Source: The Christian Post
By Morgan Lee

A Christian blogger has argued that a recent study showing an inverse correlation between Internet access and faith, might be due to prevalence and accessibility to pornography.

    

In a report released last Friday, computer scientist Allen Downey of Olin College of Engineering in Massachusetts found with the numbers of non-religiously affiliated Americans jumping from 8 to 18 percent from 1990 to 2010, the prevalence of Internet use has also increased from essentially zero to nearly 80 percent.

Downey's study suggested that increases in Internet use accounted for about 20 percent of the observed decrease in affiliation.

In the 1980s, Internet use was essentially nil, but in 2010, 53 percent of the population spent two hours per week online and 25 percent surfed for more than seven hours, it says.

Downey posits that the correlation might be due to the Internet allowing individuals who grew up in one faith but are now interested in another religion to connect with people who share their current beliefs.

"For people living in homogeneous communities, the Internet provides opportunities to find information about people of other religions (and none), and to interact with them personally," says Downey. "Conversely, it is harder (but not impossible) to imagine plausible reasons why disaffiliation might cause increased Internet use … Internet use decreases the chance of religious affiliation."

Writing on his personal, non-work affiliated blog earlier this week, Joe Miller, who works for the Christian publishing company Nelson Books, arrived at a different conclusion.

"Downey's answer plays off the modernist prejudice that equates religion and ignorance. That's false on its face," he wrote. "But once we consider the Internet as a factor at all, there's a far more obvious answer than wider horizons: porn."

"Porn has been part of the Web from day one. And the stats for online consumption are staggering, even among Christians," he continued.

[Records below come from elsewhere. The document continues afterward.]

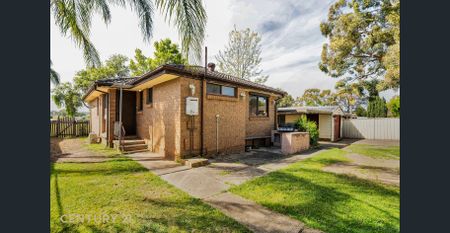 Charming three-bedroom home - Photo 5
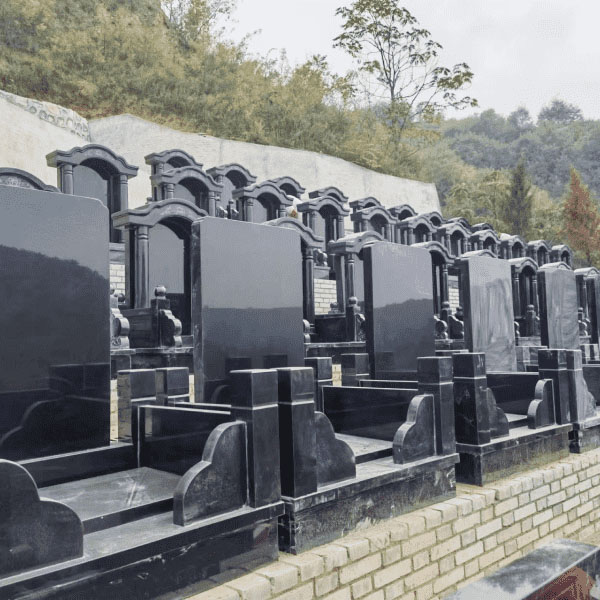 西安白鹿原公墓传统立碑墓型3号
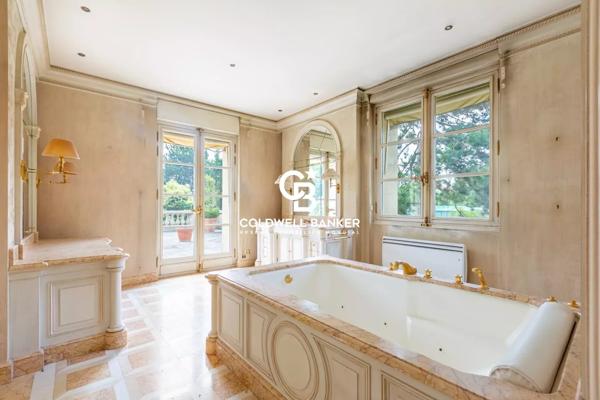 Hôtel particulier 12 pièces à vendre Paris 16ème - 75016 / Réf: 20250703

Miller argued that porn inhibits "prayer and beneficial contemplation."

"Given the Christian understanding of the spiritual life, we're not capable of simultaneously pursuing our lusts and sanctification. Such a pursuit causes internal dissonance, and the only resolution involves eventually conceding to the pull of one or the other," Miller wrote.

Miller also pointed to Nate Larkin's Samson and the Pirate Monks, where the author writes that he grew increasingly angry and then distant from God as he grew ever more immersed in porn.

"If the rise of the internet has anything to do with a loss of faith — and it's an interesting thought — the role of ideas is likely minimal. Arguments don't cool many hearts, but sin surely does," he added.

Orthodox Christian and writer Rod Dreher, who excerpted Miller's post onhis own blog, seconded Miller's conclusions.

"If you accept the modern world's view on sex, and abandon Christianity's teaching, you will soon abandon Christianity. People don't like to hear that, but it's true."

In 2012, Pew Research reported that one-fifth of U.S. adults and one third of adults under 30 are not religiously affiliated. The number spiked five percent from 2007 and includes atheists, agnostics and those who simply do not label themselves with any particular religious affiliation.

Project Know, which is currently running a campaign aimed at helping those addicted to pornography, states that according to WebMD, 420 million web pages contain pornographic material. The second-largest pornography site on the web "receives 100 million page views a day, and shows 4,000 videos a second during its peak hours. This one site receives an astounding 2 percent of the Internet's total traffic."